**Instructions to follow**
Pictures stay out of the copy. Retype exactly the lines below from the one with "pantalone corto tuta" through the one with "Mionix Suite –".

**Available data**
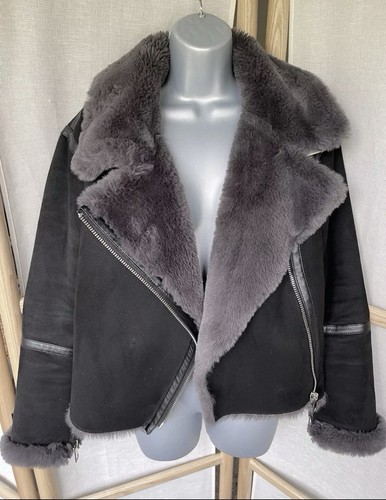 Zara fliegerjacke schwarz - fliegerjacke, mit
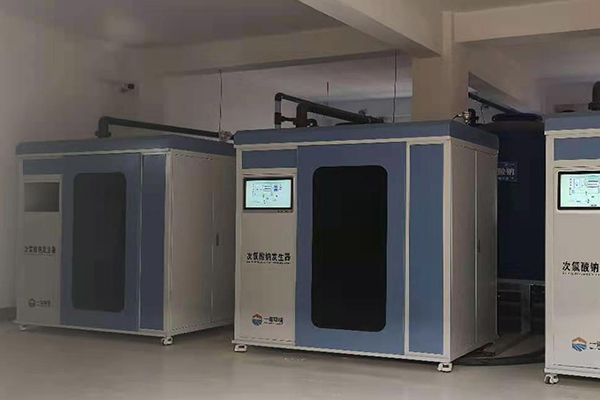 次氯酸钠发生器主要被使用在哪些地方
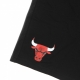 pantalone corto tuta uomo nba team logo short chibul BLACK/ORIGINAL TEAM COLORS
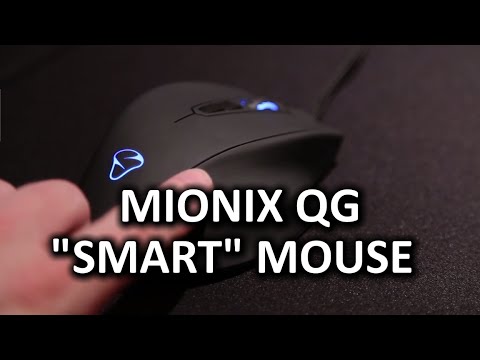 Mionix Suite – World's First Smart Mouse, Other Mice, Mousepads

...

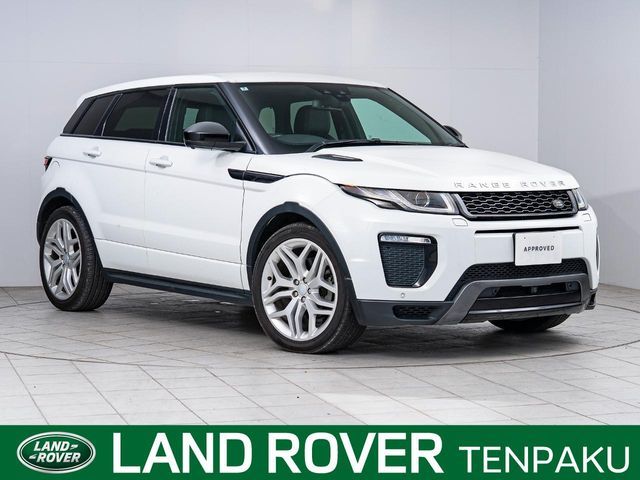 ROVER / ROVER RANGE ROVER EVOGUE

**The completed task**
 pantalone corto tuta uomo nba team logo short chibul BLACK/ORIGINAL TEAM COLORS
 Mionix Suite – World's First Smart Mouse, Other Mice, Mousepads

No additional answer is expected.